EXERCISE OBJECTIVE:
From the data below, repeat everything exactly except the images.

RECORDED INFORMATION:
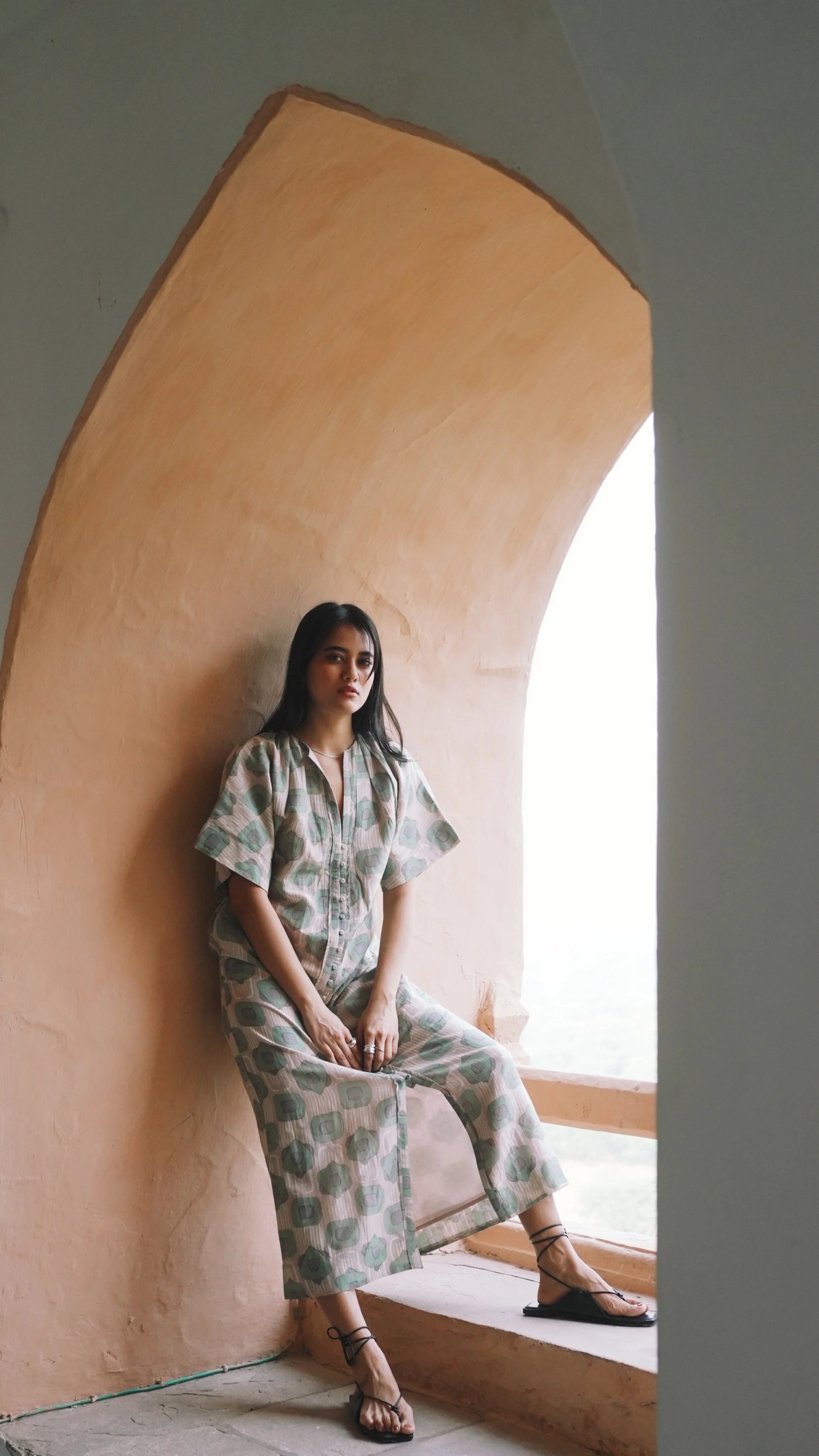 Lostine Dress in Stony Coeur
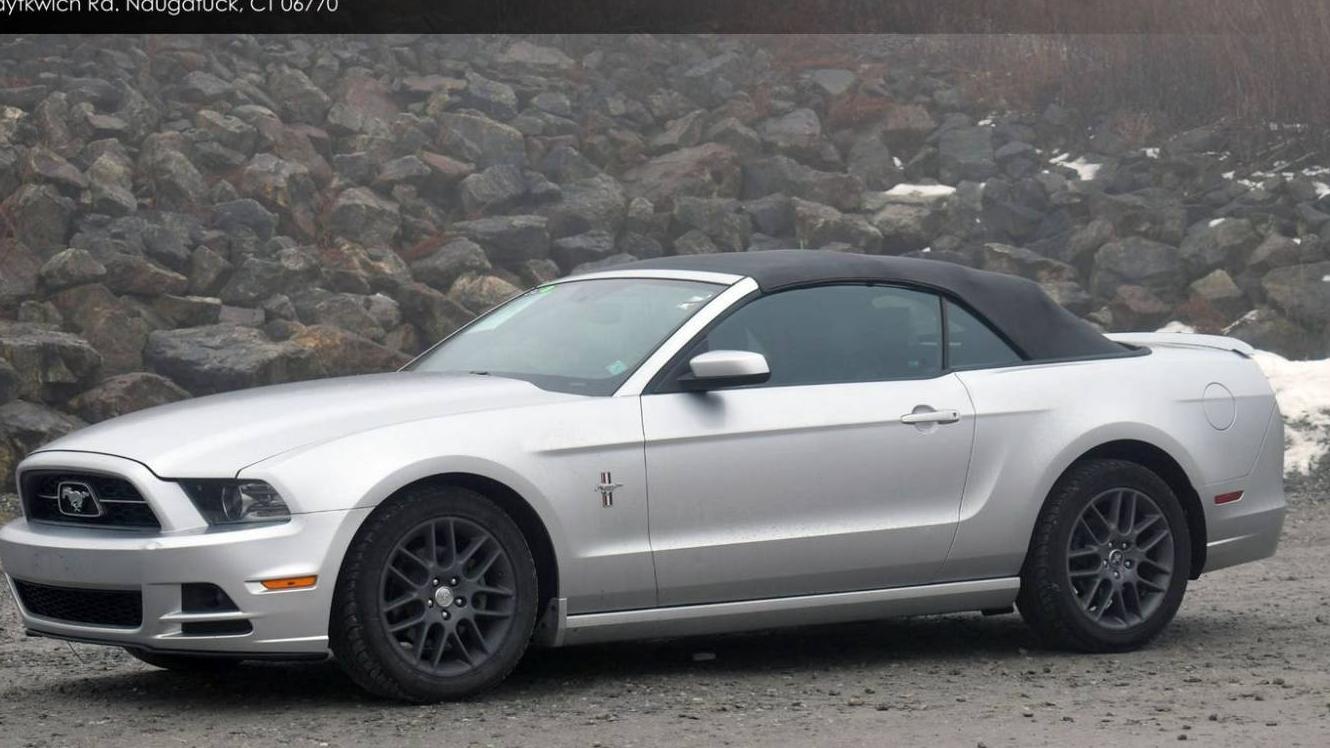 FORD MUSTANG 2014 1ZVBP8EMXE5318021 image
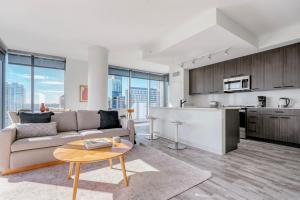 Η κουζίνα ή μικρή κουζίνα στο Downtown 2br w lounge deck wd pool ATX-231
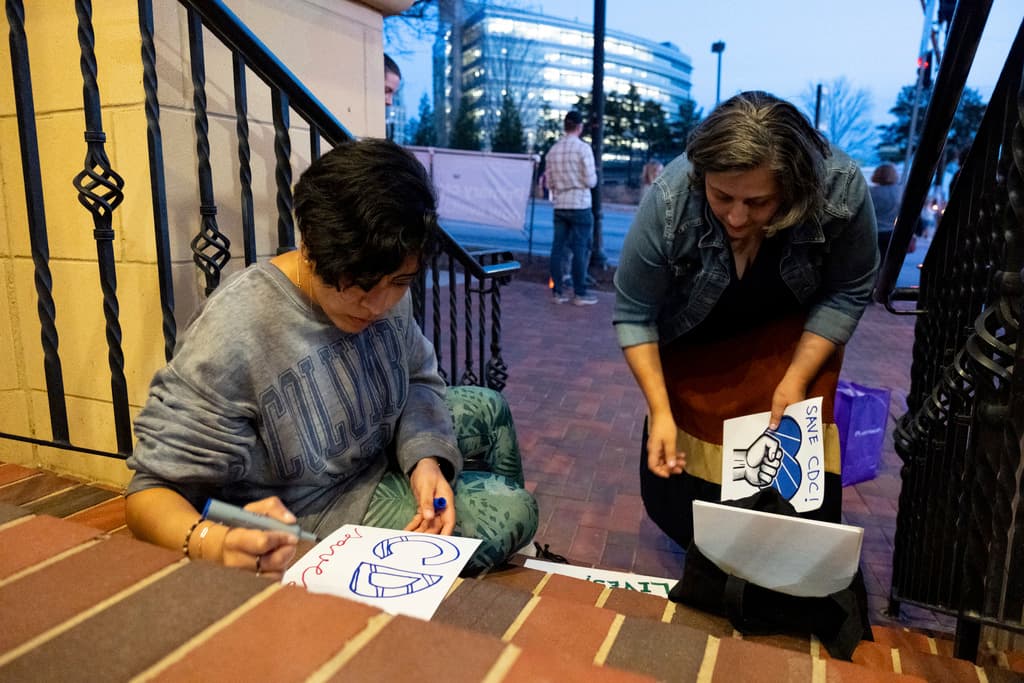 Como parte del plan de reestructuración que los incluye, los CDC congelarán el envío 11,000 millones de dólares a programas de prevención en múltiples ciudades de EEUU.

TASK OUTPUT:
 Lostine Dress in Stony Coeur
 FORD MUSTANG 2014 1ZVBP8EMXE5318021 image
 Η κουζίνα ή μικρή κουζίνα στο Downtown 2br w lounge deck wd pool ATX-231
 Como parte del plan de reestructuración que los incluye, los CDC congelarán el envío 11,000 millones de dólares a programas de prevención en múltiples ciudades de EEUU.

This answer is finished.